Big cases make for bad Law - and MPs today are slated to pass the bill in the Rajya Sabha, without asking for greater deliberation and debate

Nirbhaya's Mother Asha Devi addresses at a programme to observe the third anniversary of Nirbhaya gang-rape case as 'Nirbhaya Chetna Divas' at Jantar Mantar in New Delhi. Social activists Shabana Azmi is also seen

Nirbhaya's Mother Asha Devi addresses at a programme to observe the third anniversary of Nirbhaya gang-rape case as 'Nirbhaya Chetna Divas' at Jantar Mantar in New Delhi. Social activists Shabana Azmi is also seen

Kavita Chowdhury New Delhi
Rajya Sabha is all set to pass the Juvenile Justice amendment bill today. This follows a public outcry after the juvenile in the 2012 Delhi rape case was set free post serving his 3 year term under the juvenile law. But juvenile reform activists fear that public outcry seeking the law to be strengthened against juvenile criminals has drowned saner voices calling for deliberation and not knee jerk action.

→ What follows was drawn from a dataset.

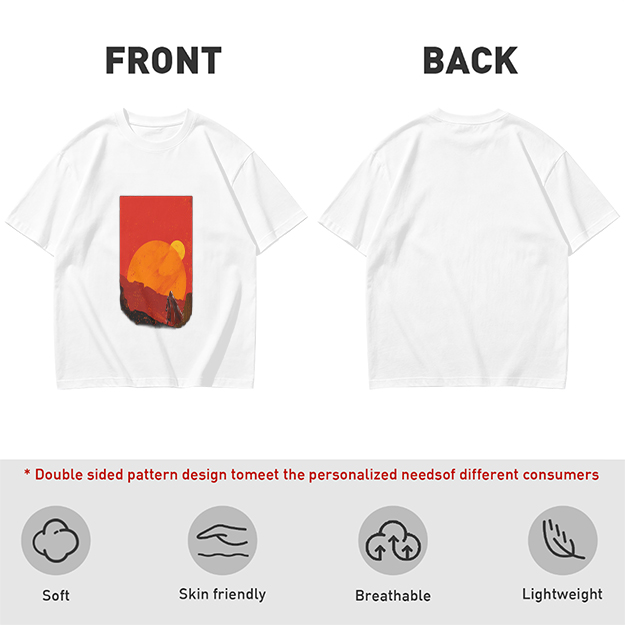 Olive T-Shirt with Desert Sunset Silhouette Graphic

Amidst all this public outrage and anger in the Nirbhaya case over the juvenile criminal, the hard facts of the case lie forgotten. 
 
Reading and scrutinising the court judgement about the juvenile's actions in the horrific episode, shows that he was not “the most brutal” or heinous as popular notion and some (ill informed) news reports have been portraying. Even Nirbhaya's friend who was a witness to the blood curdling episode testified to the same. 
 
While this does not absolve the juvenile from the barbaric crime in which he was found guilty, unconfirmed reports pointing towards his brutal role has helped in building public opinion in seeking his custody to be extended and trial under the new law once it is passed in the Parliament.

One of the contentious provision in the new law will be lowering the age bar from 18 years to 16 years. This means that anyone above 16 will be treated as an adult and not under the juvenile act which places a huge emphasis on reform and rehabilitation rather than a stiff sentence.  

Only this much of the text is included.